Understanding this wider relational field becomes particularly important when designing digital systems that aim to support heritage storytelling.



From Local Narratives to Living Cultural Archives


The Lagamas project also revealed how village life evolves through history, trauma (wars, deportation, exodus...), and successive waves of demographic change.



Like many rural communities close to Montpellier, Lagamas has experienced several phases of migration. Historical arrivals during the twentieth century included Spanish and Belgian families. More recent decades have seen newcomers from Central and Eastern Europe, alongside urban residents relocating from nearby cities.


Such transformations reshape the social landscape of a village over time.


A digitally sustained narrative archive could help document these evolving relationships, creating a living civic memory through which residents situate their stories within a shared historical timeline.



Extending the Protocol Digitally


The research paper explores how contemporary storytelling environments could extend the Lagamas protocol through digital tools.


In collaboration with ArtCentrica, whose platform enables sequence-based storytelling around artworks and cultural artefacts, community workshops could follow a process such as:

  1. Memory and Object Session: Residents contribute a digital image or object linked to personal or family history.

  2. Narrative Framing: Participants write or record short narratives explaining the significance of the object.

  3. Sequence Construction: Using ArtCentrica Stories, participants assemble narrative sequences that combine personal contributions with historical archives.

  4. Relational Mapping: Digital equivalents of coloured threads allow participants to visualise affiliations, generational links and patterns of migration.

  5. Governed Sharing: The community collectively determines what may be shared publicly and what remains internal, defining narrative permissions and cultural protocols.


Such an environment would preserve the participatory logic of the original artistic protocol while allowing the narrative archive to evolve across generations.



Cultural Infrastructure for Narrative AI


Within this framework, AI becomes part of a broader cultural infrastructure.


AI systems can assist with sequencing narratives, connecting archival material and supporting discovery across complex cultural datasets. At the same time, provenance, authorship and community permissions remain essential elements of narrative governance.

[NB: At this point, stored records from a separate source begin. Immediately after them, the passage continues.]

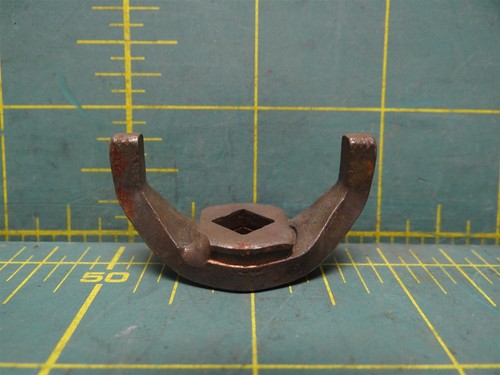 Detroit Diesel 5102257 Fuel Pump Coupling Fork Replacement Truck Repair Part - Bild 2 von 4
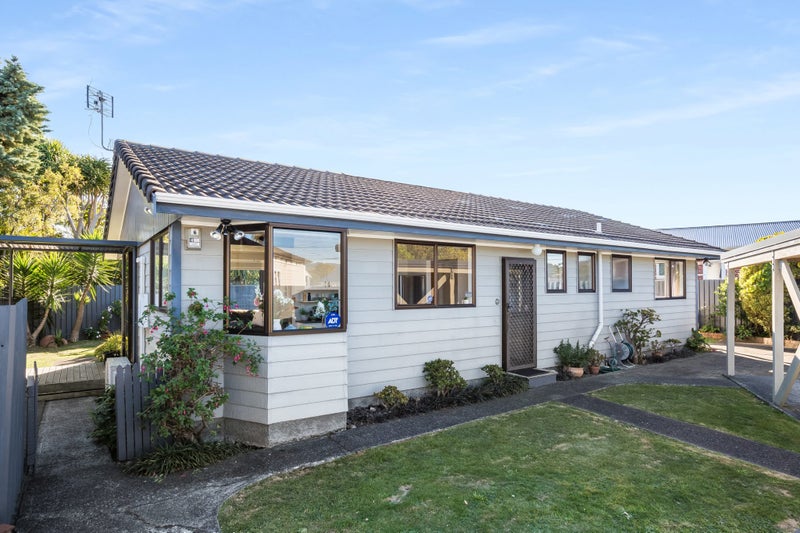 2/27 Tama Street, Alicetown, Lower Hutt - Carousel 2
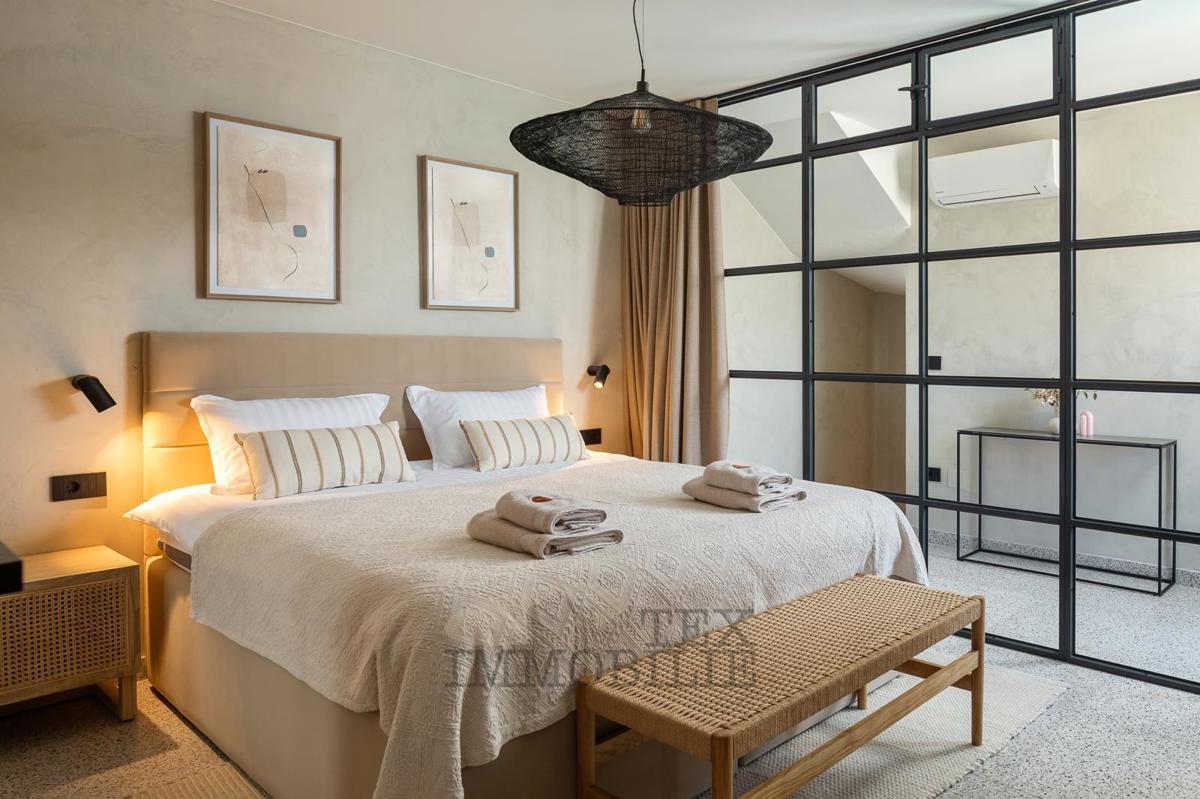 Una bella casa in pietra ristrutturata con piscina è in vendita in un posto tranquillo vicino a Visinada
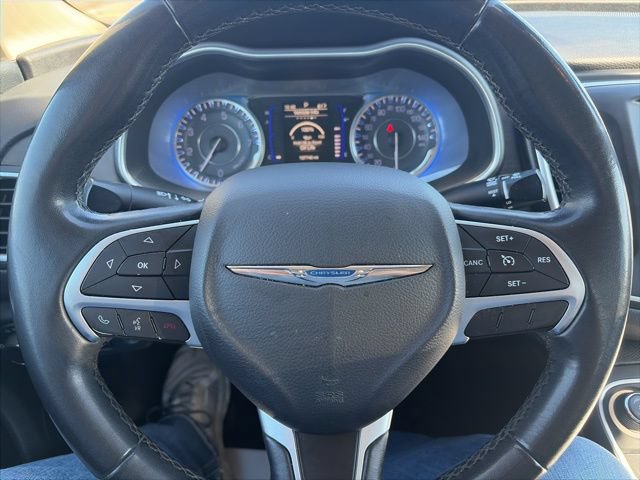 Used 2017 Chrysler 200 Limited Platinum FWD image 21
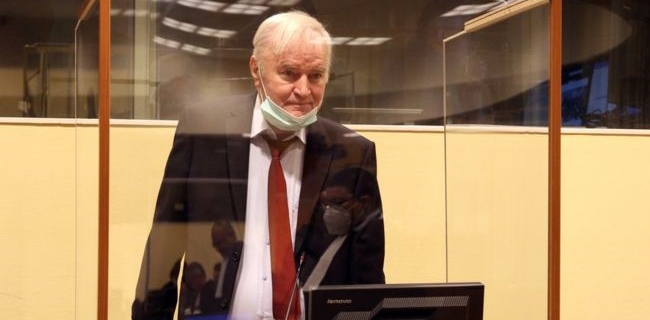 Sang 'Penjagal Bosnia' Ratko Mladic Hadiri Sidang Banding Di Pengadilan Den Haag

The AI4CHIEF symposium brings together researchers, artists and technologists working at the intersection of artificial intelligence, heritage and cultural memory.


The Lagamas chapter illustrates how artistic practice can contribute methodological insights to this emerging field.

When communities actively participate in shaping the stories that describe them, heritage narratives remain anchored in lived experience.

In this sense, narrative AI has the potential to support long-term cultural continuity by helping communities articulate their histories across time without flatening heritage meaning, through relational intelligence.